== Recorded data

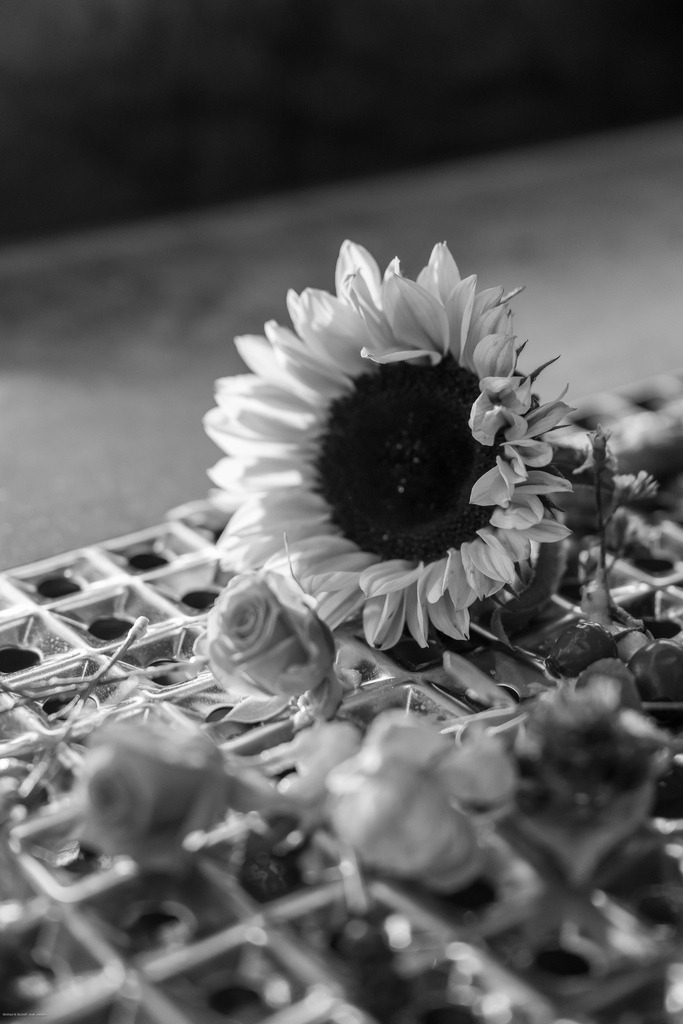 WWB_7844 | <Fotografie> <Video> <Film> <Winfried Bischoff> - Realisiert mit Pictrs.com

====
== Recorded data

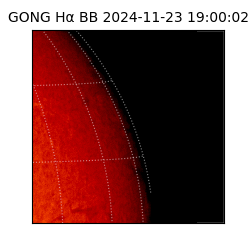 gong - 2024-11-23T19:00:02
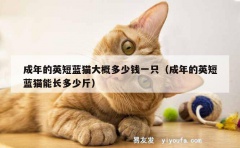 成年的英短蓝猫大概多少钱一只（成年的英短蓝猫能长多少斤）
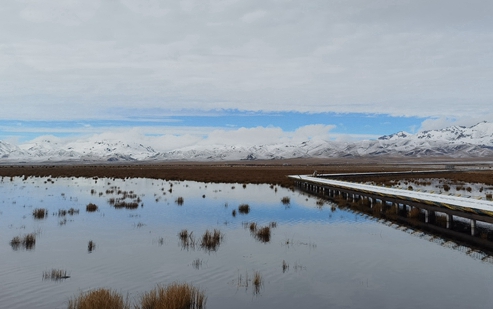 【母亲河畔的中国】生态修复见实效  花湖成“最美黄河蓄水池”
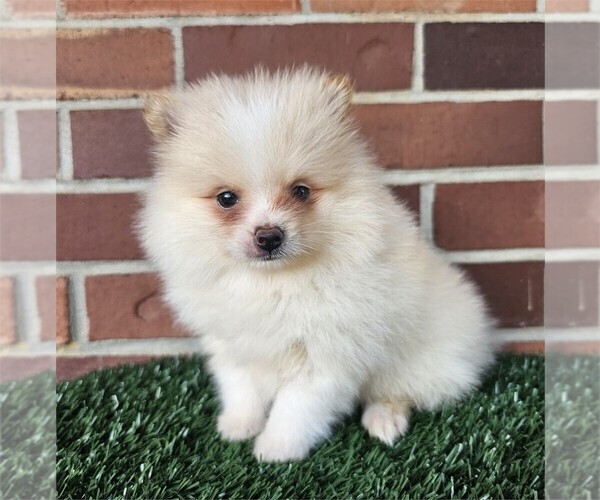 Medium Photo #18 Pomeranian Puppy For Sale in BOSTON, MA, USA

====
== Recorded data

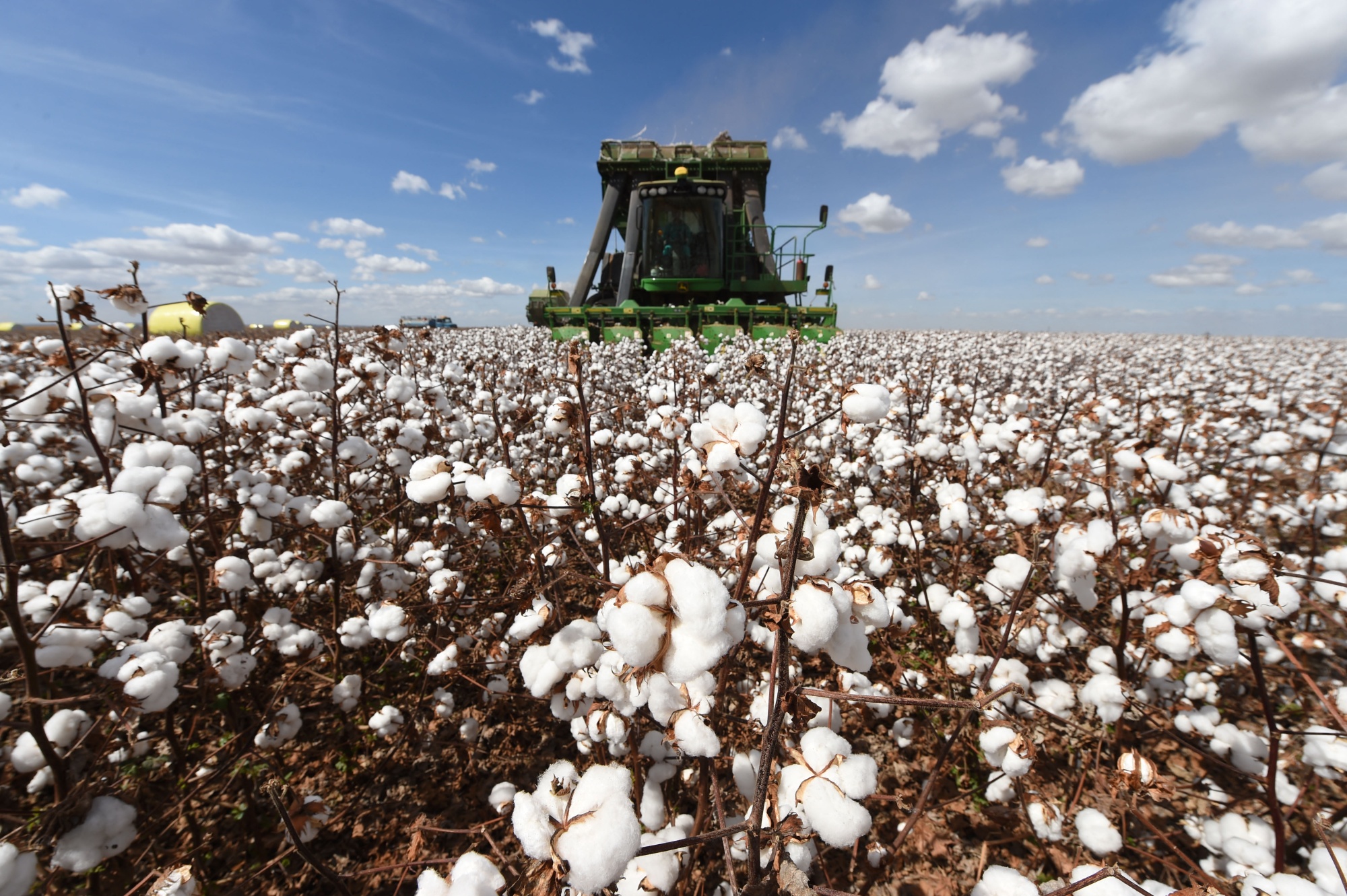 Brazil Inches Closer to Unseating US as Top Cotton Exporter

====

Given the entries above, transcribe exactly the lines from the one holding "成年的英短蓝猫大概多少钱一只（成年的英短蓝猫能长多少斤）" through the one holding "Medium Photo #18"; pictures do not belong in the transcription.

 成年的英短蓝猫大概多少钱一只（成年的英短蓝猫能长多少斤）
 【母亲河畔的中国】生态修复见实效  花湖成“最美黄河蓄水池”
 Medium Photo #18 Pomeranian Puppy For Sale in BOSTON, MA, USA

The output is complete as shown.